Everything from the line containing "El ser humano" through the line containing "slide 2 of 7, Canada" should be repeated exactly, and nothing else from the data.

### EXERCISE MATERIAL
* * * *
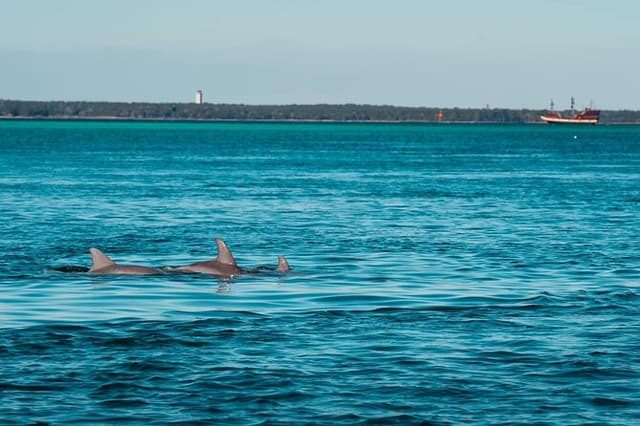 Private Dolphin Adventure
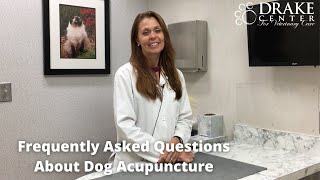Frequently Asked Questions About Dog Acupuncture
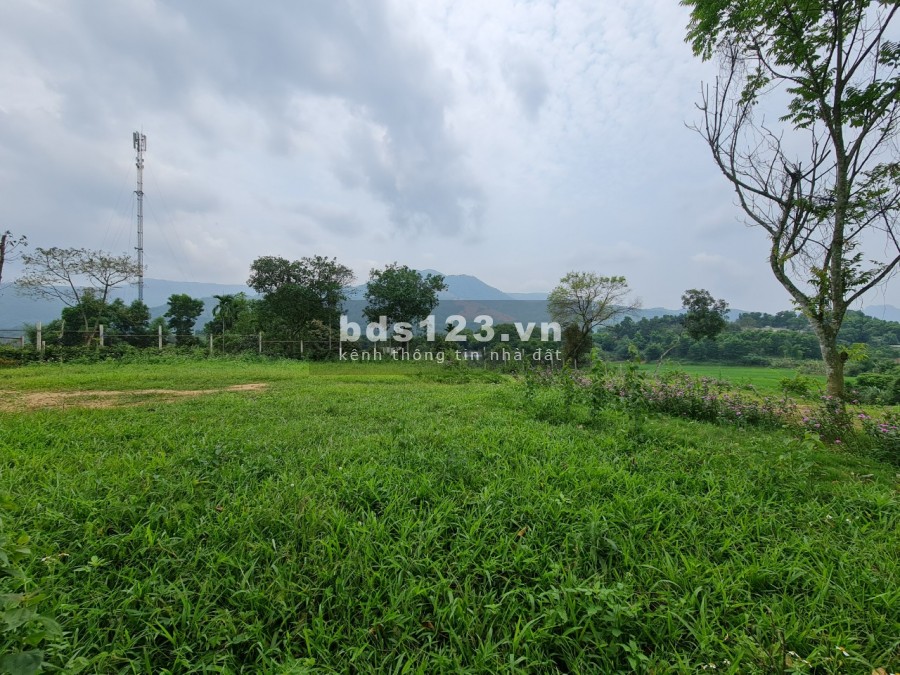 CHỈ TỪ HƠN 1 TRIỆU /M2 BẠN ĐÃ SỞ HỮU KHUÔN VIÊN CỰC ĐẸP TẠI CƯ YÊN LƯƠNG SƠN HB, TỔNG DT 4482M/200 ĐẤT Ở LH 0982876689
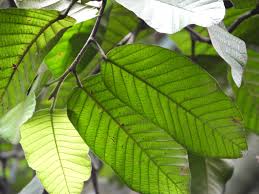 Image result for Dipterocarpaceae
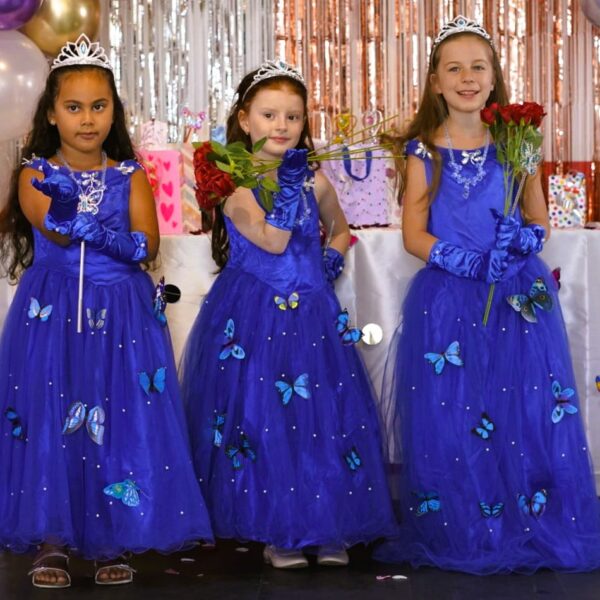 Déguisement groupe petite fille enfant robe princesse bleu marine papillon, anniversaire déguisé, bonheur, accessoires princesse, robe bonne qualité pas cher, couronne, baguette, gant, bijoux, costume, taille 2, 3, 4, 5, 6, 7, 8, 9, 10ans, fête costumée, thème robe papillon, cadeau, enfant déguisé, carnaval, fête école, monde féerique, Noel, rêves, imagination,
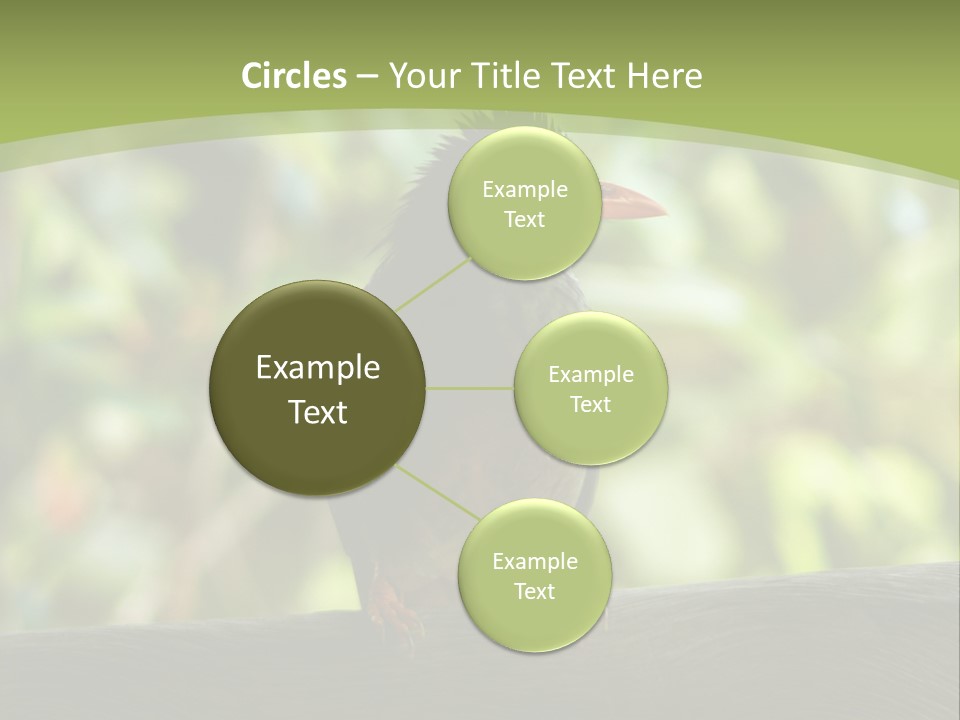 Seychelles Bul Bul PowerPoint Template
* * * *
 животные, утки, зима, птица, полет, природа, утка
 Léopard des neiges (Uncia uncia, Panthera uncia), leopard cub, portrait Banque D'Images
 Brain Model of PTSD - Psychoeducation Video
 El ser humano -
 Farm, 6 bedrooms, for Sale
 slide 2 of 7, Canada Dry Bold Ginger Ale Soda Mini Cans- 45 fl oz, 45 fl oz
* * * *
### EXERCISE OUTPUT
 El ser humano -
 Farm, 6 bedrooms, for Sale
 slide 2 of 7, Canada Dry Bold Ginger Ale Soda Mini Cans- 45 fl oz, 45 fl oz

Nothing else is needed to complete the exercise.